The El Paso Business-Cycle Index grew at a 1.7 percent annualized rate from August to September (Chart 1). Growth in the index is attributed to employment gains.
El Paso total nonfarm jobs rose by 2.0 percent in September (Chart 2). The trade, transportation and utilities, financial activities, and other services sectors posted declines in the month, which were offset by gains in other industries, especially construction and mining.
Year to date, El Paso employment is up 1.0 percent, or an addition of nearly 2,380 jobs. Most of the job gains have been in the educational and health services sector (1,270 jobs), while the majority of employment losses have occurred in the professional and business services sector (-1,380 jobs).
The El Paso unemployment rate remained at 3.8 percent from August to September. The Texas monthly unemployment rate also was unchanged at 3.4 percent for a fourth straight month, while the U.S. monthly unemployment rate hit a 50-year low of 3.5 percent.
Year-over-year homes sales in El Paso fell for the third straight month in September to 8,464 units—a decrease of 3.7 percent (Chart 3). The median home price remained close to record highs at $162,969 in September. This represents an appreciation of 3.5 percent from September of last year.

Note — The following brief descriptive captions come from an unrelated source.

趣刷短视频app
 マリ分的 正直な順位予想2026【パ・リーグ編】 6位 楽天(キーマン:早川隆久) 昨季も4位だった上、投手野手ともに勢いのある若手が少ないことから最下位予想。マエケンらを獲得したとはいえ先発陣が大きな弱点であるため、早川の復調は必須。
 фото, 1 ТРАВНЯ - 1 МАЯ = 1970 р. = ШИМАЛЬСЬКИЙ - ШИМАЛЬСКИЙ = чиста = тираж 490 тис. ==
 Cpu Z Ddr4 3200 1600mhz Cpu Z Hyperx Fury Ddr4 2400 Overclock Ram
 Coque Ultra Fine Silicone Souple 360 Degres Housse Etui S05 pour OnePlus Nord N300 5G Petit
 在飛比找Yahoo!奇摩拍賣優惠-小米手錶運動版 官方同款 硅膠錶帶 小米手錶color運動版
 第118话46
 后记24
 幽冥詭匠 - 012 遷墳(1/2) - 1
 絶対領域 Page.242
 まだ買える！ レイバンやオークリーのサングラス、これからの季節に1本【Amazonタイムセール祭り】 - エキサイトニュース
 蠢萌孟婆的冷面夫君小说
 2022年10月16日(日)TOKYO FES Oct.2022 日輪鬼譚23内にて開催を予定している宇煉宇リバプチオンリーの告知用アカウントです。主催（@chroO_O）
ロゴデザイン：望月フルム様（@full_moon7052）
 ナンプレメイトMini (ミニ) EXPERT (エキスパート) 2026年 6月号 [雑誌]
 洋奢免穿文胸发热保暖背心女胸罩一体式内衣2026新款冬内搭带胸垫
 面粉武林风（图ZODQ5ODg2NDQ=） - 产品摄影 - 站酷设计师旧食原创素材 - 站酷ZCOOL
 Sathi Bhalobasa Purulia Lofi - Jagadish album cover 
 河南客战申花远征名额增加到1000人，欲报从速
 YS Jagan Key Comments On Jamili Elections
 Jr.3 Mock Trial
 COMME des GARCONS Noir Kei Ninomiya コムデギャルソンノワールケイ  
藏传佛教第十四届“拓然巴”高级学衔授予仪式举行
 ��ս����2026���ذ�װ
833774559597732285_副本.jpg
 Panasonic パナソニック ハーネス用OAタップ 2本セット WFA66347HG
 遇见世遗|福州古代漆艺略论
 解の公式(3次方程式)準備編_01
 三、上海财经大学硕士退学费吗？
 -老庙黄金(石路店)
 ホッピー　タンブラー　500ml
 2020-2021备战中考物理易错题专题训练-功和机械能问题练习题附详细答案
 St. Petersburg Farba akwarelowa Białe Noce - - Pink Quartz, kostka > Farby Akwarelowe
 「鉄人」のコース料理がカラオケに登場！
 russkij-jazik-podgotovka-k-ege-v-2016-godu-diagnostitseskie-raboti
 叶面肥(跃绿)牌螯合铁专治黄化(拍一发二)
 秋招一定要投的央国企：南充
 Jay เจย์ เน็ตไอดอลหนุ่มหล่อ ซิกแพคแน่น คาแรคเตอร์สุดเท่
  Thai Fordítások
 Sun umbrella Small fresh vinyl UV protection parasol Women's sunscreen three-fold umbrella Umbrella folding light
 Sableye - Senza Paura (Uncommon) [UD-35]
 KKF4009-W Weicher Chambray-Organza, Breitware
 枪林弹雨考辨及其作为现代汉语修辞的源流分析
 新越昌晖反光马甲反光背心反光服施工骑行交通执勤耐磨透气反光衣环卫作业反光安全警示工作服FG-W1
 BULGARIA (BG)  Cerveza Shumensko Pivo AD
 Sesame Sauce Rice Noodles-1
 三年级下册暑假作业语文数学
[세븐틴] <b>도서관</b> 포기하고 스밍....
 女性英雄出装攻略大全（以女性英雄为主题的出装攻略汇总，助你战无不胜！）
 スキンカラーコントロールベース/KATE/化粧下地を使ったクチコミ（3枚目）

September housing inventories stood at 3.6 months, below the six months considered a balanced market.
In August, annualized total trade (exports plus imports) amounted to $78.8 billion, down 1.7 percent from July (Chart 4). Imports contributed to this decline, decreasing 5.6 percent over this period, while exports rose 3.8 percent.
Industrial Production and Maquiladora Activity
U.S. industrial production contracted 0.1 percent year over year in September (Chart 5). This is the first negative reading for the industrial production index since November 2016. Mexico’s industrial production continued its 11-month decline, decreasing 1.0 percent in September from a year earlier. The U.S. Institute for Supply Management manufacturing index also decreased, from 49.1 in August to 47.8 in September. Reductions in the new orders index, production index and employment index contributed to this decline—primarily driven by a lack of demand. U.S. and Mexican production and manufacturing trends are important to the local economy because of cross-border manufacturing relationships.
U.S. auto and light-truck production declined to 10.4 million units in September from 11.3 million a year earlier. U.S. auto sales also dropped by 0.8 percent from 17.2 million sold in September 2018 to 17.0 million in September 2019. Auto sales are closely linked to the local economy because roughly half of maquiladoras in Juárez are auto related.
NOTE: Data may not match previously published numbers due to revisions. The El Paso metropolitan statistical area includes El Paso and Hudspeth counties.